_Instructions to follow_: What is the number of lines in these records with "Clear" in them? Answer with that number only.

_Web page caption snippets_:
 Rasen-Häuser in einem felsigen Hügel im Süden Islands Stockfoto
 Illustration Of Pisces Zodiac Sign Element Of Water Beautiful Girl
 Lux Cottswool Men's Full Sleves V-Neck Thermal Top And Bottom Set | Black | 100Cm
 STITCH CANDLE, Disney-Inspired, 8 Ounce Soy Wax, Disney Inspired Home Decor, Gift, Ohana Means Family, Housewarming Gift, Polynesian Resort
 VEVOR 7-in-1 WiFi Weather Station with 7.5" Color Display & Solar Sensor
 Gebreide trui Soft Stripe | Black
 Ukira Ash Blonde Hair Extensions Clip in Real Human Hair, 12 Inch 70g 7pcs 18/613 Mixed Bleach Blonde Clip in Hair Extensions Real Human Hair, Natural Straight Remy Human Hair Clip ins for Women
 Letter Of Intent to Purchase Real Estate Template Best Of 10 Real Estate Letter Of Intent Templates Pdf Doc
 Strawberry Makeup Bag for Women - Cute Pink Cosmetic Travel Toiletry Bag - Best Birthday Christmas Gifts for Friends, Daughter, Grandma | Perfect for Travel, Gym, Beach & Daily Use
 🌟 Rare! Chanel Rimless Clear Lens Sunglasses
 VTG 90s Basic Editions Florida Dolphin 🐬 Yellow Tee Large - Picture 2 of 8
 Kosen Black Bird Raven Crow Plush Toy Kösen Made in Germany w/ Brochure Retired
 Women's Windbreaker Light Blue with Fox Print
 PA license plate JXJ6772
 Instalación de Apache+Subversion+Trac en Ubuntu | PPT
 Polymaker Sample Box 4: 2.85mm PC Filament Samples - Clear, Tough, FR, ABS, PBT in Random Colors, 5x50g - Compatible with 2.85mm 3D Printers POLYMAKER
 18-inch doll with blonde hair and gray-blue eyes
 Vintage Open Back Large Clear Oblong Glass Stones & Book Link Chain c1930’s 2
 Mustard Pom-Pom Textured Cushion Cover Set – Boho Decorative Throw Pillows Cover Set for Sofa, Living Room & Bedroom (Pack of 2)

_Task answer_: 3